Hannah even introduced me to a bunch of lovely gals who read my blog religiously. Hay girls!!!!! I love each and every one of you. Thanks for making my balls sweat last night. Spread my glory and my gospel to everyone that you know. :)
See.. I don’t bite. Say hi, don’t be shy!
One of them even got her boyfriend buy her a Fendi Spy bag because of me. I’m SOOOOO glad I’m able to influence today’s youth. According to my (ongoing) survey, over 75% of my readers possess a vagina of some sort. I love girls. I really do. Now if only y’all got a huge penis then I’d be one happy mother fucker for life.

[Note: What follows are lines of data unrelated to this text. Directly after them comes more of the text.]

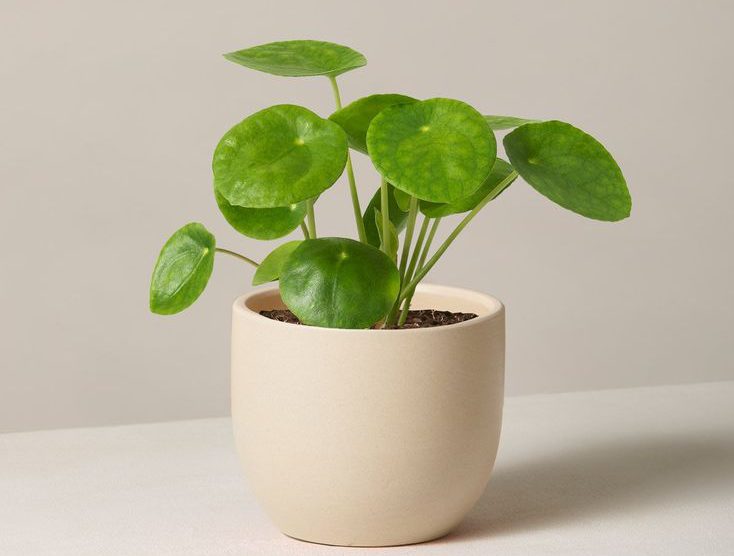 گیاهان بی خطر برای سگ و گربه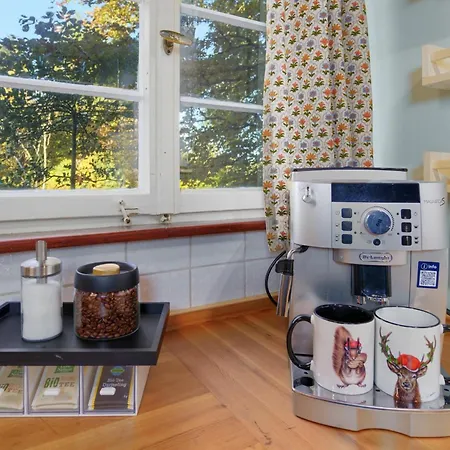 Сasa de vacaciones Altes Forsthaus Kniebis | | Nachtloipe | Eingezaeunt Freudenstadt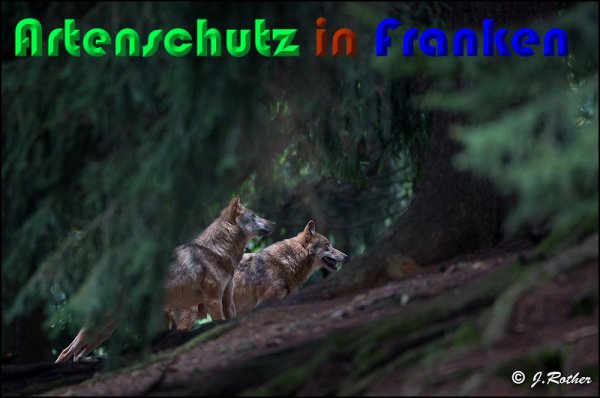 Copyright AiS Johannes Rother Bild zum Eintrag (61475-160)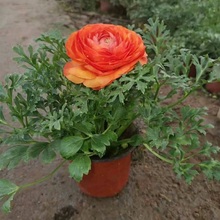 鲜艳芹叶牡丹 观赏芹叶牡丹 盆栽芹叶牡丹
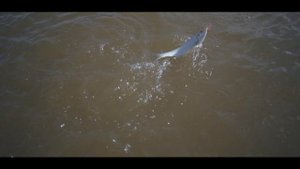 Рыбалка на реке Амур. Поздняя осень.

LONG LIVE CONSPICUOUS CONSUMPTION. LONG LIVE CONSUMER CULTURE. LONG LIVE FAGGOTRY… Y’ALL BETTER KEEP IT ALIVE YA MAGGOTS!
O RLY? hahahahaha!
Moving on…. the look on Harvey’s face: priceless…
… and I didn’t marry this woman for nothing.
See what I mean?
Hannah Matronic you’re such a fuckin faggot.
Some things are better left unsaid but I just have to ask if it’s really true that this guy has a big dick. I’m sorry, I couldn’t resist. People were going gaga over him last night.
I mean, I’m just curious, that’s all. It’s always fun to talk about guys’ dick sizes. Especially guys you don’t know. Ok… there are other guys who are hotter than him and I’m sure this guy is nice but seriously, ALL I WANNA KNOW IS WHETHER HE’S WELL-HUNG OR NOT.
Oh dear lord. Satan please save me. I don’t wanna get beaten up or get whacked for plastering his face on my blog. Now if it’s rape we’re talking about….. willing sluts like me (who are currently undergoing a dry spell) wouldn’t mind. At this point, I’ll even take it from anyone. Rich, po’, young, old, thin, fat, black, white, brown, yellow, red, it doesn’t even matter at all. Desperate times, desperate measures.
So there you have it… the youth of today are bad… really bad.
It’s amazing how I managed to get home a little after 4AM. I had an early night because I made a personal pact that I will be home before sunrise. No more afterparties that last till 3 o’clock in the fuckin afternoon.
I know I’m gonna get struck by lightning for saying this but I dropped by KFC on my way home (I’ve never been to KFC in MONTHS… even YEARS…. god knows the last time I went there) and bought this ginormous bucket of fried chicken (8 pieces), 3 plastic cups of gravy and 2 cups of mashed potatoes.
I devoured the entire thing right before going to bed.
Fuck my "Dying to be Thin" diet. It will never make it to the New York Times Bestseller’s List anyway.
Fat is the new black.
I know I’m going to hell anyway so why not take a first class ticket instead?